Validate IPv4 Address in Java

Validating IPv4 Address in Java

IPv4 addresses are fundamental elements of any TCP/IP networks. They are used to identify each device on the network and must follow certain rules to be considered valid. In Java, it is possible to validate an IPv4 address using regular expressions and some programming logic.

Creating a Regular Expression

Since an IPv4 address consists of four octets (each separated by a period) and each octet can only contain numbers from 0-255, we can create a regular expression (regex) to check for its validity. The regex should check that the string contains four octets, each separated by a period and each containing one to three digits. We can also add a rule to ensure that the first number cannot be zero.

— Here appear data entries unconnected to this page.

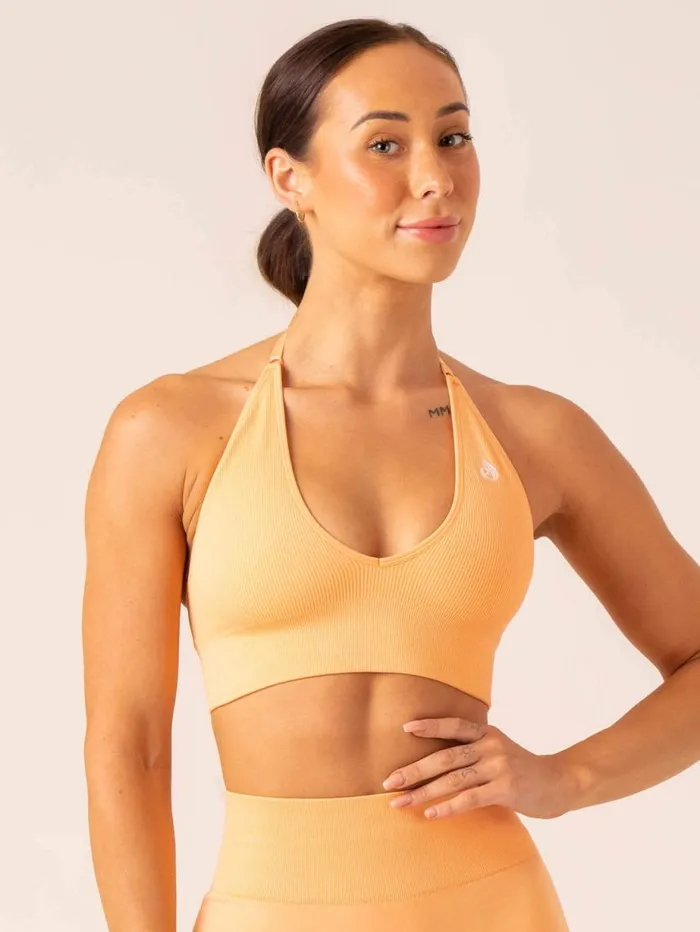 Sports Bras Womens Ryderwear Lift Rib Seamless Halter Sports Bra Mango
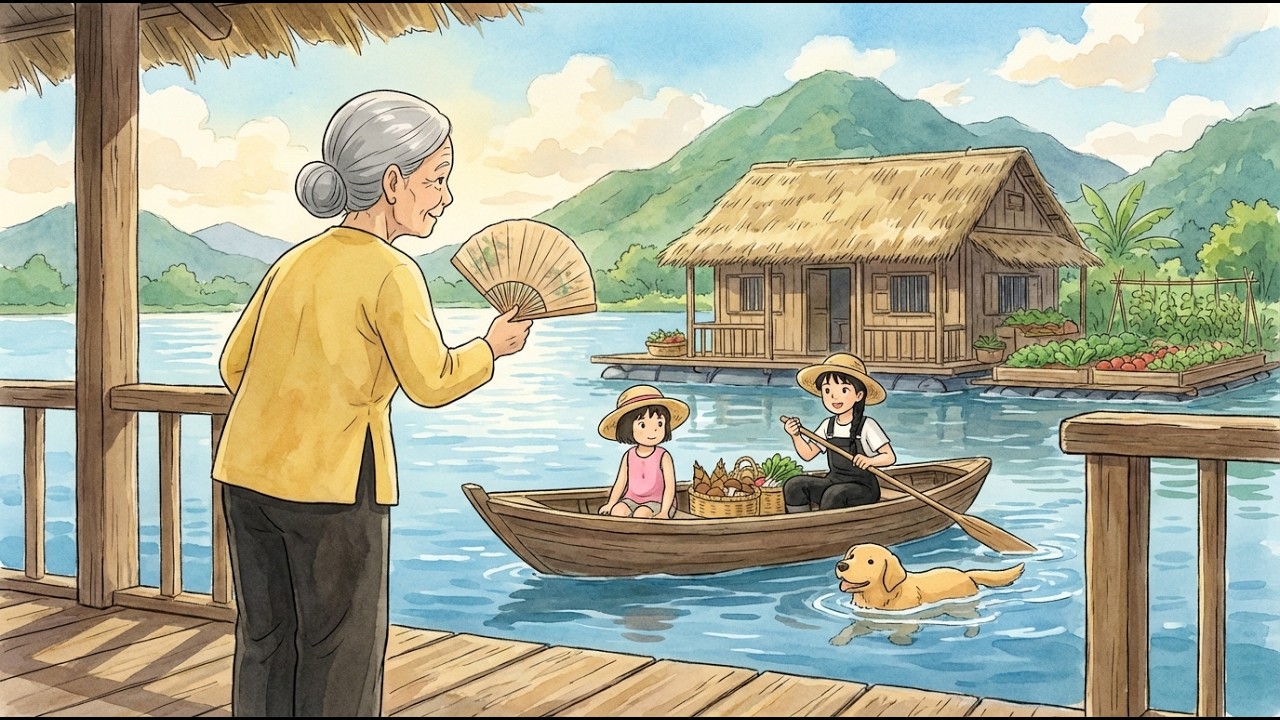Peaceful Life on a Floating Garden: Bamboo Harvest & Rustic Cooking | Anime-Style ASMR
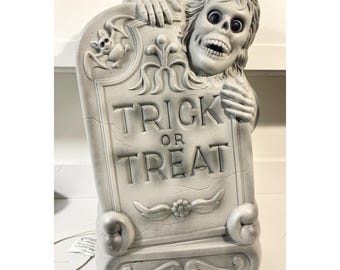 Vintage Halloween Blow Mold Trick Or Treat Tombstone General 28" Lighted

The following regex will satisfy all the requirements: (25[0-5]|2[0-4][0-9]|[01]?[0-9][0-9]?)(\.(25[0-5]|2[0-4][0-9]|[01]?[0-9][0-9]?)){3}

Validation Logic

Once the regex is created, we can use it in our program to validate an IPv4 address. All we need to do is to compile the regular expression and pass the desired string to the matcher() method. If the matcher() method returns true, the string is a valid IPv4 address; otherwise, it is invalid.

Here is a sample program that demonstrates how this can be done:

import java.util.regex.Matcher;
import java.util.regex.Pattern;

public class IpValidate {

    public static boolean isValid(String ipAddress) {
        String regex = "(25[0-5]|2[0-4][0-9]|[01]?[0-9][0-9]?)(\\.(25[0-5]|2[0-4][0-9]|[01]?[0-9][0-9]?)){3}";
        Pattern pattern = Pattern.compile(regex);
        Matcher matcher = pattern.matcher(ipAddress);
        return matcher.matches();
    }

    public static void main(String[] args) {
        System.out.println(isValid("192.168.1.1"));
        System.out.println(isValid("256.168.1.1"));
    }
}

The output of this program will be:

true
false

This shows that the first string is a valid IPv4 address but the second one is not.